Despite the poor conditions for finding treasure coins on the Treasure Coast beaches right now, there are a lot of interesting things being found, ranging from modern jewelry, to metal artifacts, to sea glass, some fossils, and other artifacts. I mentioned a couple of artifacts that were recently found a day or two ago. I expect to post a photo of a very old Treasure Coast artifact soon. The google software doesn't seem to want to post it today.
I've been running into people that have found things on the beach and have been lucky to have my good camera along at the time. There are certainly more finds that I haven't seen or heard about.
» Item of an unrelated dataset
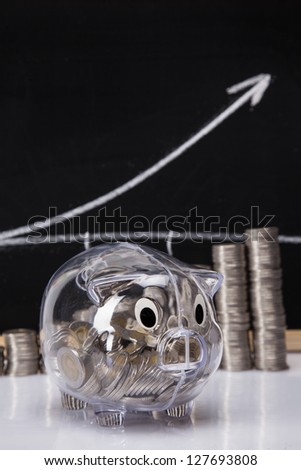 Savings in piggy bank! A lot of money! Isolated on white background!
I ran across a web site that shows where the remains of an old shipwreck lies immediately south of the Hillsboro Inlet. I'll have to get that diagram for you sometime.
Treasure coins have been found on the rocks near the light on the north side of the inlet as well as all the way down the beach to the Pompano pier. Stay off of the property and rocks around the light though. People have been arrested in the past for getting on the property around the light. You can detect the beach on the south side of the inlet though.
You might remember that a few days ago I mentioned how many people, especially seniors are keeping cash and valuables at home rather than in the bank. As a result one reader sent a link that you'll find interesting. It tells of the tons of dented metal safes that were washed out of homes and businesses by the tsunami and were washed back up on the tsunami-battered coast. Some of these the safes held family life savings and were sitting in stacks at police offices.
The article said that they estimate that $350 billion of yen does not circulate in Japan, because people, many people in Japan stach their cash at home. The Japanese word for the stash is "tansu yokin" trasnlated as "wardrobe savings."
Here is the link.
What did you all think of the Florida Public Archaeology Network statement about the laws relating to metal detecting in Florida? And the British system? You definitely should be aware of the Florida Public Archaeology Network statement. While their interpretation might be questionable in some respects, it will nonetheless influence some in government as well as the public.
Here is what the Department of Environmental Protection said on the following on the Florida Coast Access web site.
Prior to 1821, Indian River County was part of the Spanish Colony of East Florida. During this time, Spanish ships carrying massive quantities of gold and silver passed by this area every summer. In 1715, a storm sank the seven Spanish vessels off the coast of present-day Indian River County. Many artifacts including silver and gold were salvaged in the early 1920s. Today, treasure enthusiasts can be found along the beaches of Indian River County searching for buried treasure and casing the shoreline with metal detectors. The McLarty Treasure Museum in northern Indian River County has exhibits and movies detailing the history of the county along with many of the artifacts excavated from the 1715 shipwreck.
Here is the link where you can read about more of our Florida beaches.
Here is an article in a law journal concerning access to Florida beaches that you might find interesting if you are into the legal stuff. It is out-dated but presents a number of relevant legal principles, such as that of customary useage.
There are times when a misinformed or over zealous security guard might try to run you off a beach you have every right to be on. While I advise cooperating, it is also good to know the real situation.
We still have a 1 - 2 foot surf, but to me the most important thing right now is the nice low tides. The wind is from the southeast today and the beaches are filling a little though. The surf will be a little higher tomorrow, but no significant change in conditions is expected.